President Emmanuel Macron’s surprise announcement of early elections sparked a wave of heavy selling, wiping about $258 billion off the market value of French companies last week.
Shares of banks such as Société Générale, BNP Paribas and Credit Agricole – all major holders of government debt – fell by more than 10 percent each.
According to data compiled by Bloomberg, and seen by Sky News Arabia, the total value of stocks in France is now about $3.13 trillion, which is only slightly lower than the United Kingdom, which has a stock value of $3.18 trillion.
France’s CAC 40 index erased all its gains for 2024, in a sharp turnaround after hitting all-time highs a month ago.
“We are in a period where there are no guarantees for three to four weeks, and the market could unfortunately become more turbulent,” said Alberto Toshio, portfolio manager at Kairos Partners.
At the same time, a combination of factors including improved global growth and increased consolidation has made British stocks popular among investors again. Although the UK is set to hold its own general election, the outcome is seen as more stable with the opposition Labor Party leading by a large margin in the opinion polls.
“We prefer UK stocks for value reasons as well as portfolio diversification given their attractiveness,” said Ulrich Urban, head of multi-asset strategy and research at Berenberg. “In addition, political uncertainty appears to be higher elsewhere, at least for now.”

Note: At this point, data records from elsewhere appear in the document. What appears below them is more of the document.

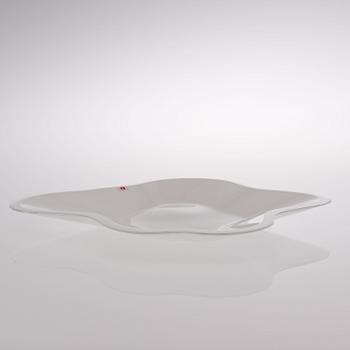 ALVAR AALTO, GLASS SCULPTURE, 4 PIECES. The Aalto Flower. Signed Alvar Aalto, the lower dish numbered 19/1986. Iittala.
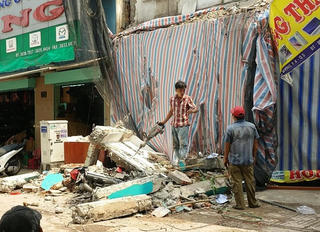 Bức tường bất ngờ đổ sập, hàng chục người chạy thục mạng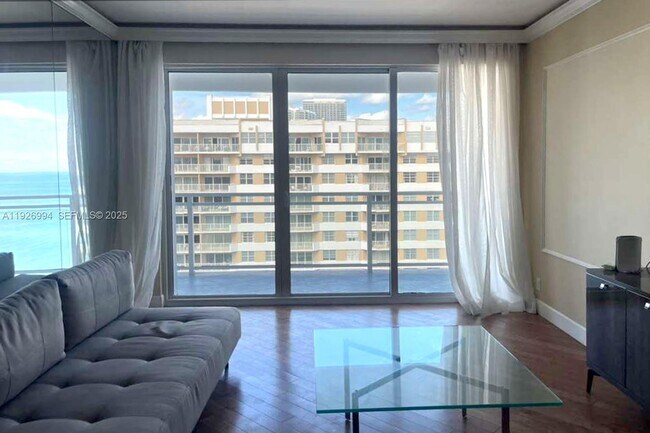 Foto del edificio - 2030 S Ocean Dr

Britain’s FTSE 100 index hit all-time highs this year, boosted by export-driven stocks such as Shell and Unilever. The index has far outperformed the Euro Stoxx 50 over the past three months, with Rolls-Royce Holdings, a maker of jet engines, among the biggest gainers.
Globally, the UK is now the sixth largest stock market.
In France, market strategists are still not convinced to return to stocks yet due to uncertainty related to public finances and politics. In addition to banks, shares of motorway operators Vinci and Eviage fell on fears of renationalisation of motorways if Macron’s party loses power.
The news comes at a time when index-heavy French luxury stocks were already under pressure from an uneven recovery in China.
“Given the current unusual political dilemma and high headline news risks between now and the election, we see no reason to rush into bearish stocks,” Barclays strategist Emmanuel Coe said in a June 12 strategy note.
The first and second rounds of voting will take place on June 30 and July 7.
However, the French CAC 40 index rose 0.5 percent in early trading on Monday, outperforming a 0.3 percent rise in the Stoxx Europe 600 index.
Investors also see some reasons to be cautious about the UK as well. The July 4 election is likely to mark the biggest political shake-up since Brexit, and the new government will have limited fiscal scope and face scrutiny from bond watchdogs.
Britain’s stock market has underperformed its American counterparts for years, and traders have been pressuring companies to list in New York.